TASK DIRECTIONS:
Please give back word for word the lines below, from the first one through the one with "KOMMODE – KSZ157".

** DATASET RECORDS follows **

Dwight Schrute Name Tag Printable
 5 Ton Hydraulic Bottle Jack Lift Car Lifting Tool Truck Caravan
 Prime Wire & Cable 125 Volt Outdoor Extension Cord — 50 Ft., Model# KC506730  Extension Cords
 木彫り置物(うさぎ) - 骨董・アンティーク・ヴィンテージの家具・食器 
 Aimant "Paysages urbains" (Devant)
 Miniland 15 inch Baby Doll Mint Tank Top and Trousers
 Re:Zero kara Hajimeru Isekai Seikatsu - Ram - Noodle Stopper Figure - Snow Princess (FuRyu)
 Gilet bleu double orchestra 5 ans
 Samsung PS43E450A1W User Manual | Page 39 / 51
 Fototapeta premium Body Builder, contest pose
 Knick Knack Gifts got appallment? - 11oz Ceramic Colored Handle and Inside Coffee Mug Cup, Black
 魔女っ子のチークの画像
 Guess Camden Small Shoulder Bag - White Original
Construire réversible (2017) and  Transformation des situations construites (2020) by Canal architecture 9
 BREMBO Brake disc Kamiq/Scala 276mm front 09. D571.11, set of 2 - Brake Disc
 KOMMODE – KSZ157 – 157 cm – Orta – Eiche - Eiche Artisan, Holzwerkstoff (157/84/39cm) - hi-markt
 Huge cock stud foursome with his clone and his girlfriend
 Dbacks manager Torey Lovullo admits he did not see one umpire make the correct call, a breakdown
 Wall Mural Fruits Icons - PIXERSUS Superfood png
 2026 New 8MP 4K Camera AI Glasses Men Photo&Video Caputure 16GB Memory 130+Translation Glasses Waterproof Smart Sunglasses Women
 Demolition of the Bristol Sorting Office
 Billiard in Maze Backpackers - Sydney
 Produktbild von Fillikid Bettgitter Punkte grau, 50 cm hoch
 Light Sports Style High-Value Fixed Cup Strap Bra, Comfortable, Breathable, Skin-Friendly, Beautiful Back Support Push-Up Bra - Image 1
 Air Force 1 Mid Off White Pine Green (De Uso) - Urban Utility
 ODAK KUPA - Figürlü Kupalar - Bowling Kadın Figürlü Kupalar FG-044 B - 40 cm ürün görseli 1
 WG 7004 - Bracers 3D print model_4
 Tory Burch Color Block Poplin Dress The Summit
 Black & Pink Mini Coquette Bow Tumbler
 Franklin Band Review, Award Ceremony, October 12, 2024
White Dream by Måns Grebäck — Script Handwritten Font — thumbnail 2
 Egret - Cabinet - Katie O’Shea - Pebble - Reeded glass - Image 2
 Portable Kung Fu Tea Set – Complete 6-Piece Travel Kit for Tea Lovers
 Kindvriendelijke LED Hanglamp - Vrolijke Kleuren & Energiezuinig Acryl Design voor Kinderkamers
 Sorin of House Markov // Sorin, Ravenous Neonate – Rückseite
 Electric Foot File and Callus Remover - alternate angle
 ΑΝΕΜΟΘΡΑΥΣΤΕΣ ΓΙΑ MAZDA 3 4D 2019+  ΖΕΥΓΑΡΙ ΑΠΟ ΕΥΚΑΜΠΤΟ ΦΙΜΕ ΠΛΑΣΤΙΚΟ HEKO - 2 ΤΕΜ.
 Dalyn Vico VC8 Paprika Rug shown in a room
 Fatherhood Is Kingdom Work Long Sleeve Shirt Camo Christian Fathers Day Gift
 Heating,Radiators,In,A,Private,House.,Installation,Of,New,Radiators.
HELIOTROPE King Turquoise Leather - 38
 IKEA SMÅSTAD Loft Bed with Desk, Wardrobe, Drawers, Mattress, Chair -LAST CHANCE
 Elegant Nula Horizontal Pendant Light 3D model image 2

** End of DATASET RECORDS **

ANSWER TO THIS PROBLEM:
Dwight Schrute Name Tag Printable
 5 Ton Hydraulic Bottle Jack Lift Car Lifting Tool Truck Caravan
 Prime Wire & Cable 125 Volt Outdoor Extension Cord — 50 Ft., Model# KC506730  Extension Cords
 木彫り置物(うさぎ) - 骨董・アンティーク・ヴィンテージの家具・食器 
 Aimant "Paysages urbains" (Devant)
 Miniland 15 inch Baby Doll Mint Tank Top and Trousers
 Re:Zero kara Hajimeru Isekai Seikatsu - Ram - Noodle Stopper Figure - Snow Princess (FuRyu)
 Gilet bleu double orchestra 5 ans
 Samsung PS43E450A1W User Manual | Page 39 / 51
 Fototapeta premium Body Builder, contest pose
 Knick Knack Gifts got appallment? - 11oz Ceramic Colored Handle and Inside Coffee Mug Cup, Black
 魔女っ子のチークの画像
 Guess Camden Small Shoulder Bag - White Original
Construire réversible (2017) and  Transformation des situations construites (2020) by Canal architecture 9
 BREMBO Brake disc Kamiq/Scala 276mm front 09. D571.11, set of 2 - Brake Disc
 KOMMODE – KSZ157 – 157 cm – Orta – Eiche - Eiche Artisan, Holzwerkstoff (157/84/39cm) - hi-markt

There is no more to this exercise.